MOSCOW, November 5. /TASS/. Russian arms manufacturers in 2014 have concluded 7.5 billion dollars worth of export contracts, Russian President Vladimir Putin said at a meeting of Commission on Military-Technical Cooperation.
“This year Russia’s arms producers have signed new export contracts totalling 7.5 billion dollars in value. As a result the overall contracts portfolio remains firmly at the 50-billion-dollar mark,” Putin said.
Putin also called for for stepping up contacts with the customary and new buyers of Russian armaments and for offering new cooperation formats, including flexible settlement schemes and loans.
“We should actively work with our traditional partners and with new customers,” the Russian president said.
“It is important to use in practice new forms of interaction with the buyers of Russian armaments and military technologies,” Putin said. “I have in mind a system of flexible settlements and lending and wide logistics support, as well as other modern and effective mechanisms of promoting products on the market.”
He recalled that the annual arms export targets would surely be met.
“At the moment foreign customers have received 10 billion dollars worth of Russian military hardware,” he said, adding that it was equivalent to 70% of the overall supplies due in 2014.
With many recipients of Russian armaments relations of long-term strategic partnership have been established, Putin said.
“For many decades we have been arming and servicing the national armed forces of these countries and training their military personnel,” he said.
He added that such close relations should be maintained, the quality of such cooperation improved and its guidelines expanded.
Putin urged wider use of Russia’s competitive edges.
“These edges are the major defence-industrial potential and Russia’s reputation of a reliable partner,” the head of state said. “And the high demand for Russian armaments is a major factor, of course.
On import substitution program in military-industrial sector amid sanctions
The import substitution program in Russia’s military-industrial sector is not as expensive as expected earlier, Russian President Vladimir Putin said at a meeting of the commission on military-technical cooperation on Wednesday.
“We have approved the work plan.
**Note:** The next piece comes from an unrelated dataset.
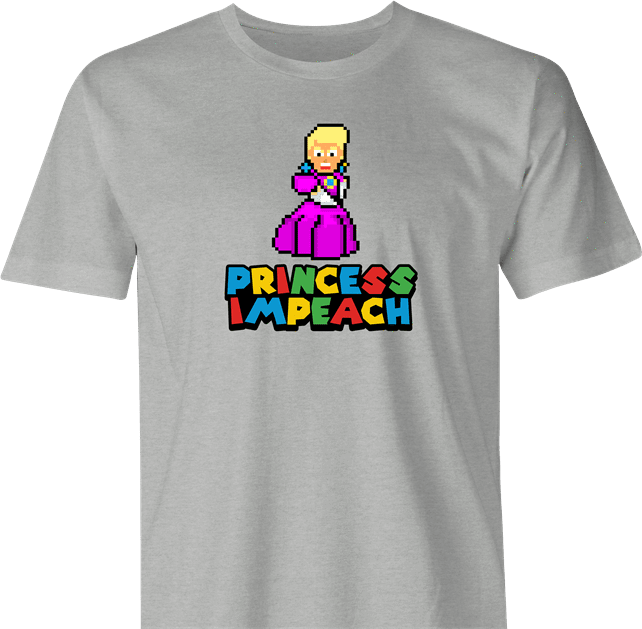 funny Donald Trump Impeached aka Princess Impeached Super Mario Mashup men's t-shirt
It is quite acceptable by terms and financial expenditures are not as big as they seemed initially,” Putin said.
He thanked colleagues involved in the development of the import substitution program and underlined that the work was conducted thoroughly.
“Everything is quite realizable,” Putin stressed.
The system of import substitution had to be introduced in Russia in connection with imposition of Western sanctions on Russia for its position on Ukraine and Moscow’s countersanctions.
Russian officials and companies came under the first batch of Western sanctions, including visa bans and asset freezes, after Russia incorporated Crimea in mid-March after a coup in Ukraine in February.
The West announced new sectoral penalties against Russia in late July over Moscow’s position on Ukrainian events, in particular, what the West claimed was Moscow’s alleged involvement in mass protests in Ukraine’s war-torn south-east.
In response, Russia imposed on August 6 a one-year ban on imports of beef, pork, poultry, fish, cheeses, fruit, vegetables and dairy products from Australia, Canada, the European Union, the United States and Norway.
Russia has repeatedly dismissed Western allegations that it could in any way be involved in hostilities in the southeast of Ukraine.
Prime Minister Dmitry Medvedev said October 30 that while pursuing a policy of import substitution, Russia should not confine itself to replacement of goods imports but should also focus on substitution of foreign developments.
On situation in eastern Ukraine
Russian President Vladimir Putin said Wednesday shelling continues in Ukraine despite Minsk agreements.
“The civil war does not subside in Ukraine near Russia’s borders,” Putin said at a meeting of the commission on military-technical cooperation. “Despite Minsk agreements, shelling of peaceful cities continues. Civilians are dying.”
Putin called the situation in Ukraine one of the factors that complicate the geopolitical situation.
“Many cooperation chains, including with Ukrainian partners and enterprises, have been broken,” he said.
According to the UN, more than 4,000 people have been killed and hundreds of thousands have fled Ukraine’s south-east as a result of clashes between Ukrainian troops and local militias in the Donetsk and Luhansk regions during Kiev’s military operation, conducted since mid-April, to regain control over the breakaway territories, which call themselves the Donetsk and Luhansk People’s Republics.
The parties to the Ukrainian conflict agreed on a ceasefire at talks mediated by the Organization for Security and Cooperation in Europe (OSCE) on September 5 in Belarusian capital Minsk two days after Putin proposed his plan to settle the situation in the east of Ukraine.
The ceasefire took effect the same day but has reportedly occasionally been violated.